= Description of the task =
Where a line looks odd, keep it as it is and transcribe all the material.

= Task data =
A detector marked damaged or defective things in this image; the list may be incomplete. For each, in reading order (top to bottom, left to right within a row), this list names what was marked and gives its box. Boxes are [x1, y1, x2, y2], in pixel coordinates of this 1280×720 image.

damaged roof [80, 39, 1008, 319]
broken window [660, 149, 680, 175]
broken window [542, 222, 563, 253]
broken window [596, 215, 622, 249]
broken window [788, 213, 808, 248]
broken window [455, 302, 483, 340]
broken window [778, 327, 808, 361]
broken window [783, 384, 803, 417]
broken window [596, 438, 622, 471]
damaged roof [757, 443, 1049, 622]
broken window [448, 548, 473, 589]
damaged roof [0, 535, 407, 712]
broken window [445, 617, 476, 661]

= Exercise output =
A detector marked damaged or defective things in this image; the list may be incomplete. For each, in reading order (top to bottom, left to right within a row), this list names what was marked and gives its box. Boxes are [x1, y1, x2, y2], in pixel coordinates of this 1280×720 image.

damaged roof [80, 39, 1008, 319]
broken window [660, 149, 680, 175]
broken window [542, 222, 563, 253]
broken window [596, 215, 622, 249]
broken window [788, 213, 808, 248]
broken window [455, 302, 483, 340]
broken window [778, 327, 808, 361]
broken window [783, 384, 803, 417]
broken window [596, 438, 622, 471]
damaged roof [757, 443, 1049, 622]
broken window [448, 548, 473, 589]
damaged roof [0, 535, 407, 712]
broken window [445, 617, 476, 661]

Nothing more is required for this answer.